20 thoughts on “Cherry Audio Mercury-4 Brings Back ‘Primal Poly’ Sound Of Roland Jupiter-4

  1. Nice, although at this point it feels like they’re regurgitating the same building blocks over and over. Would like to see a reproduction of the Oscar or even their take on the PPG Wave.

    1. The oscillators, filters, and envelopes in our instruments are all unique and accurately model the synths they’re based on (check out the oscillators on a scope or the filters on a spectrum analyzer). Mercury-4 is an especially good example of this, because for a “standard” analog synth, almost everything about is wacky (which made it fun to create). In regards to doing later digital synths, we’re up for anything moving forward!

  2. I watched/heard some demos on YouTube. I like it. Thumbs up.

    I’m waiting for a Cherry Audio Black Friday special in which their synths are bundled together for one low low price (fingers crossed).

  3. I bought this synth it’s there best one yet it sounds
    Really good. I don’t know if sounds like a Jupiter
    I never had one of those . I did have lots of other Roland
    Synths and this one just has a wee bit magic.
    It’s a bargain

  4. The weird arpeggiator was enough for me to buy it. The range of it depends on which octave you use so you could hold a chord where some notes move 2 octaves and some move 3. Cool!

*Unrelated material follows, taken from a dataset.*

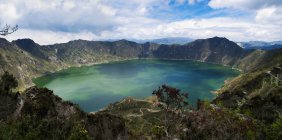 Vista panoramica del lago di smeraldo, Quilotoa, Cotopaxi, Ecuador — Foto stock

I’m not sure the ultrafast LFO sounds quite like the original Jupiter 4 (which i was able to borrow once), but it does sound better than i expected it to in software.

    1. The Duran Duran (and Human League) patches were me. 🙂 We worked really hard to get the arpeggiator right. It has the weird range thing across the octaves, and it (sort of) plays notes in the order you press them regardless of pattern. Our super-smart programmers got it so good that I could get the tempo closely synced on the real thing and Mercury-4, and they play exactly the same notes no matter what I played.

  5. I’m not usually a soft synth person, but I’m going to buy this. I’ve wanted that Jupiter 4 sound, but the real thing is huge, and not the most maintenance free synth in existence. I can’t fit any more large synths in my studio! If Roland had included it in their cloud, made a boutique, or Behringer did a ‘homage’, I would have considered it. I even was looking at DIY’ing one as a module, so this is welcome news for me.

  6. Bought it. Worth every penny. Will continue to support Cherry Audio. Quality emulations, way affordable and always super easy fast installation. Two thumbs up.

  7. Someone mentioned aliasing with their other synths. I don’t tend to play very high notes, so I didn’t notice it. Has Cherry Audio made any progress with aliasing on this one?

    1. Mercury-4 has a new user-selectable oversampling feature – internal processing can be up to 4x the host sample rate. (We’ll likely be adding this to our other instruments soon as well.)

  8. WHUUUUUT!?
    I worked for Roland U.S. as the the US product specialist for synthesizers when this came out.

    I owned the prototype. LOVED it. It is not particularly versatile – the voicing is standard East Coast, subtractive method. Only one LFO. No effects. But I gigged with it for a couple years and was able to get exactly the sounds I wanted at the time. I regret selling it. NOW I get to have one again. Celebration time!

  9. I could not login to when booting up the synth in standalone in Windows 10. Same for the plugin which is real rubbish tbh. I wont be buying anything from them again until they fix errors like this.